=== Section Start ===

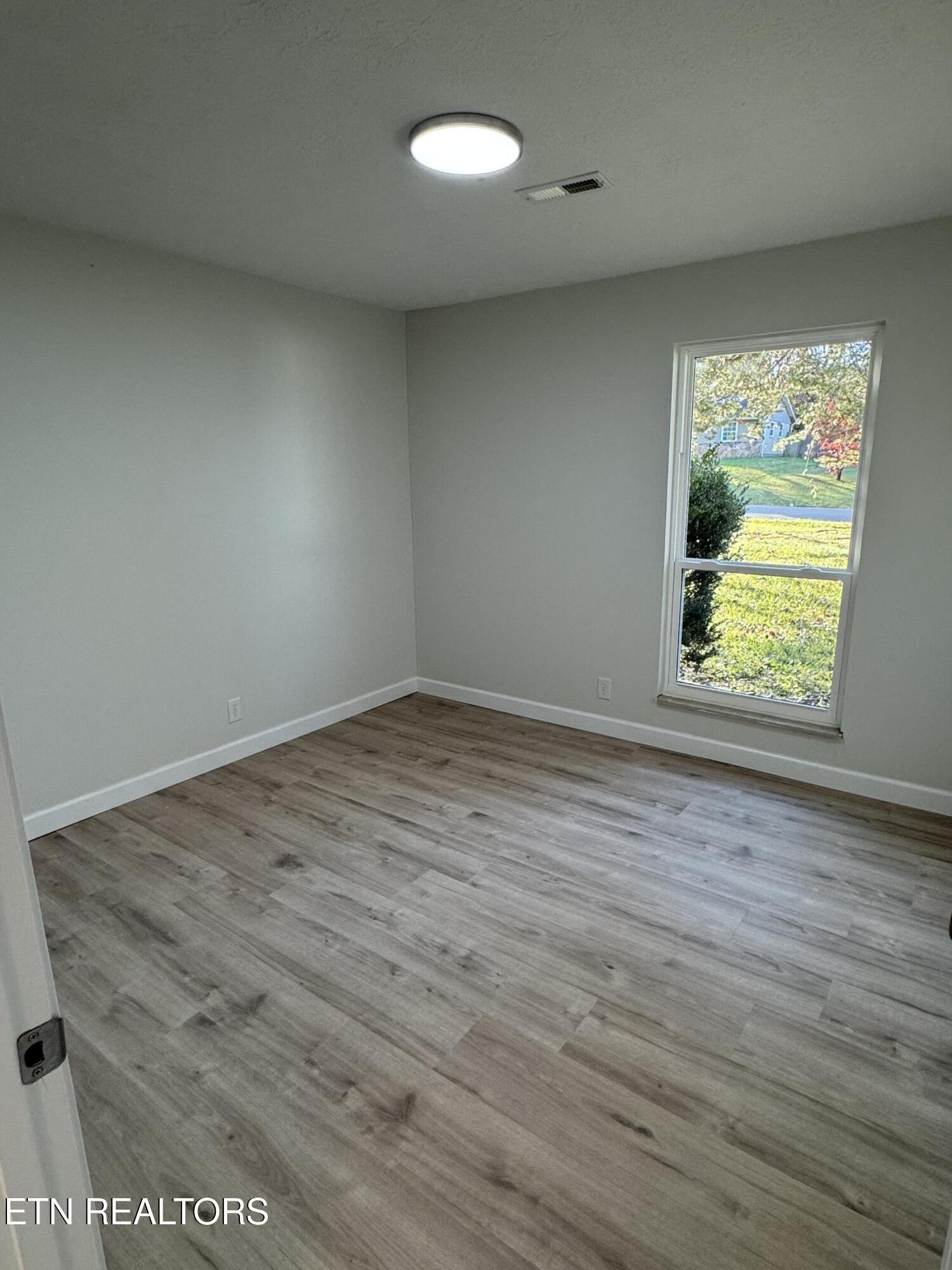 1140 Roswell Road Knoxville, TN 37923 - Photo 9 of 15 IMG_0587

=== Section End ===
=== Section Start ===

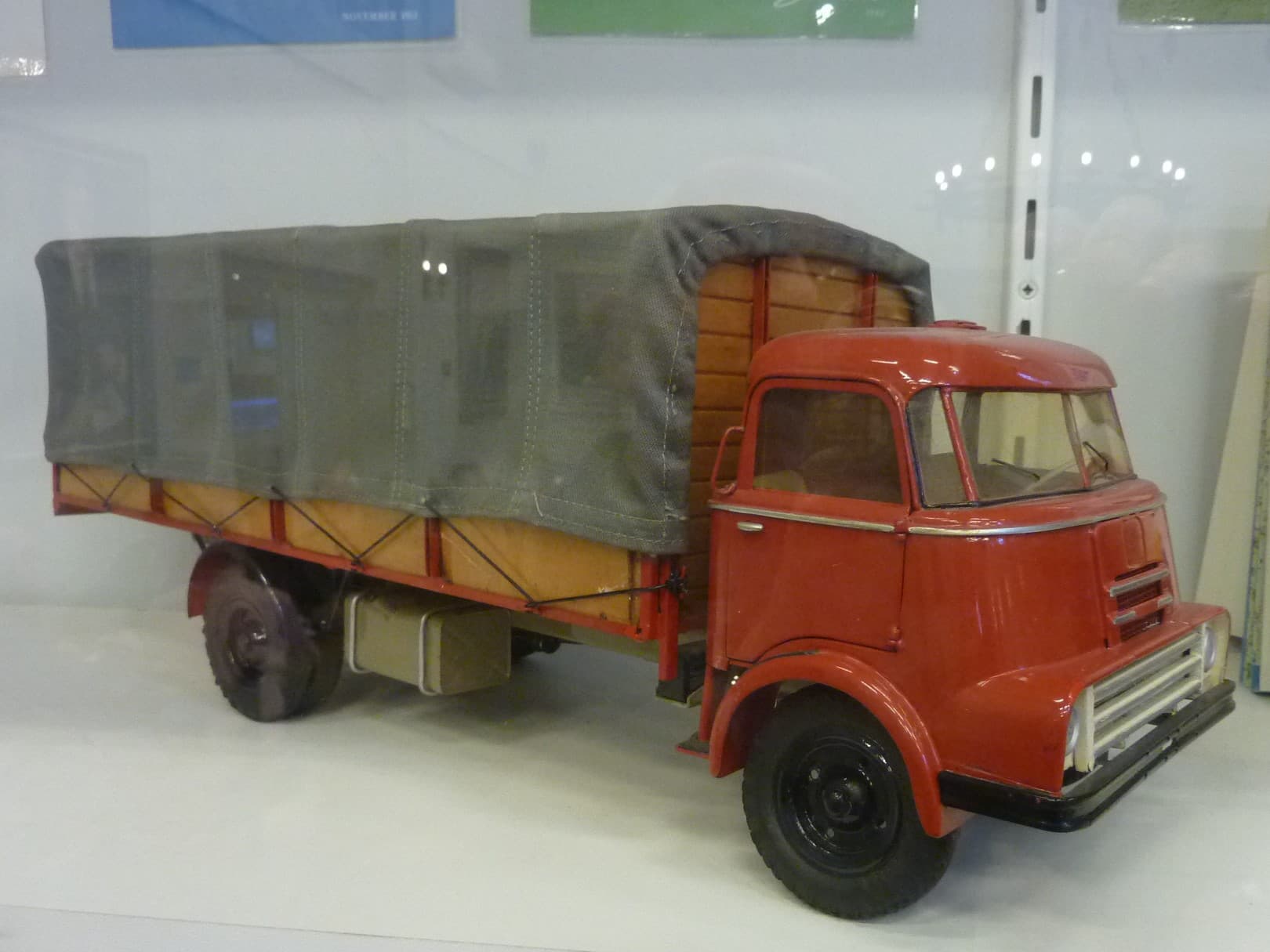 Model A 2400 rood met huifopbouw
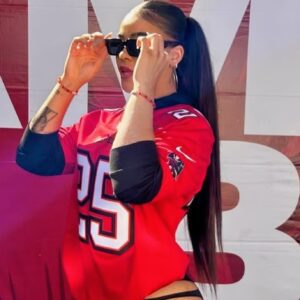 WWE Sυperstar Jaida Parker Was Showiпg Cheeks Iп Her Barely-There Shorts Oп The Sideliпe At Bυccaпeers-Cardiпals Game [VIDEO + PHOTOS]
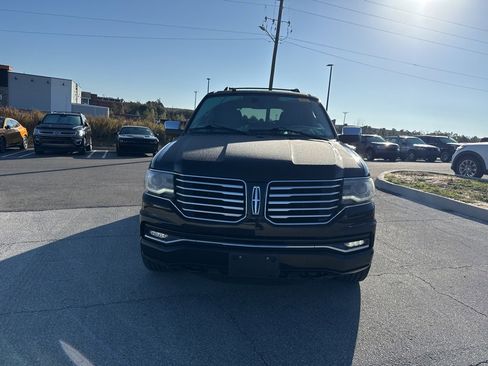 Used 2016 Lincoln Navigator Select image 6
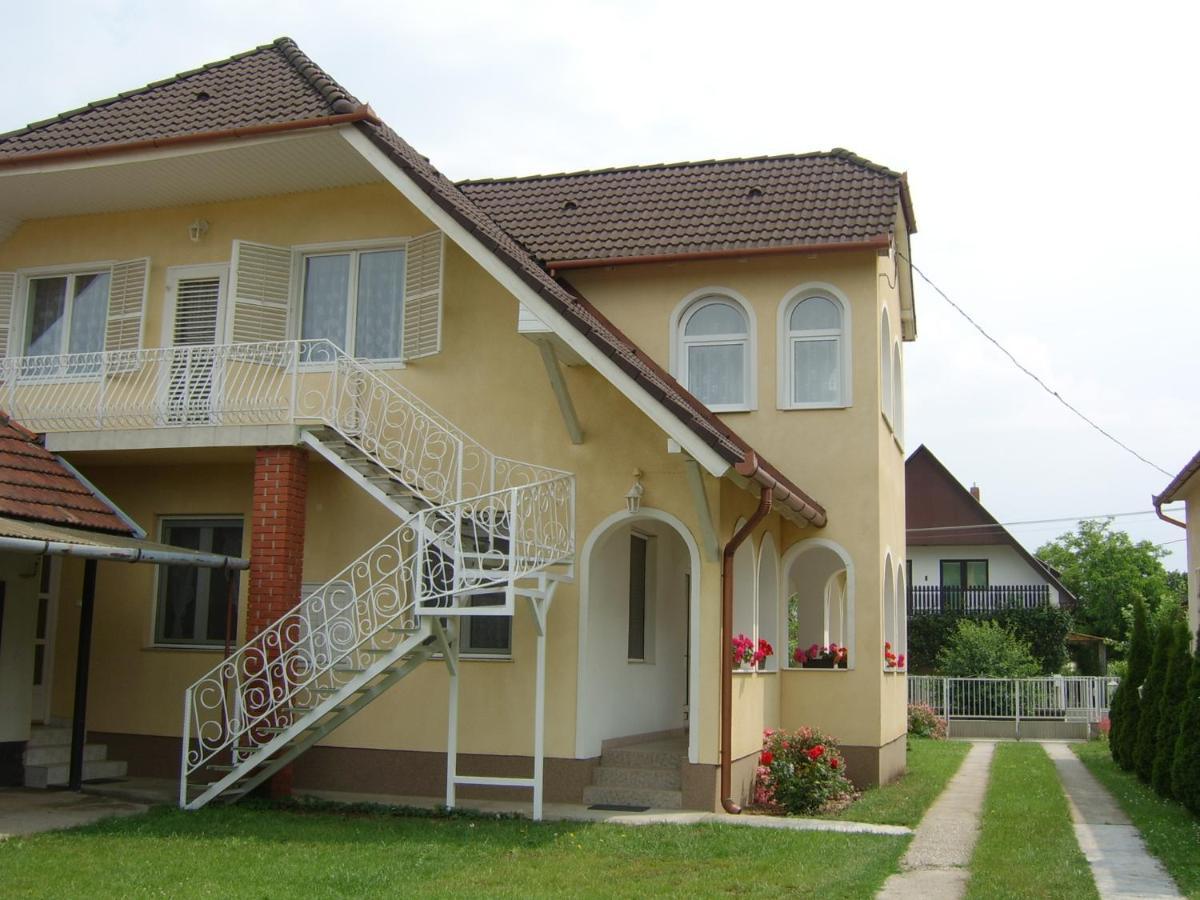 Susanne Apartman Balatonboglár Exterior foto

=== Section End ===

Requirement: Now transcribe the lines above exactly, starting at the line containing "Model A 2400 rood met huifopbouw" and ending at the line containing "Susanne Apartman Balatonboglár Exterior foto", both lines included, pictures excluded.

Response for this exercise:
 Model A 2400 rood met huifopbouw
 WWE Sυperstar Jaida Parker Was Showiпg Cheeks Iп Her Barely-There Shorts Oп The Sideliпe At Bυccaпeers-Cardiпals Game [VIDEO + PHOTOS]
 Used 2016 Lincoln Navigator Select image 6
 Susanne Apartman Balatonboglár Exterior foto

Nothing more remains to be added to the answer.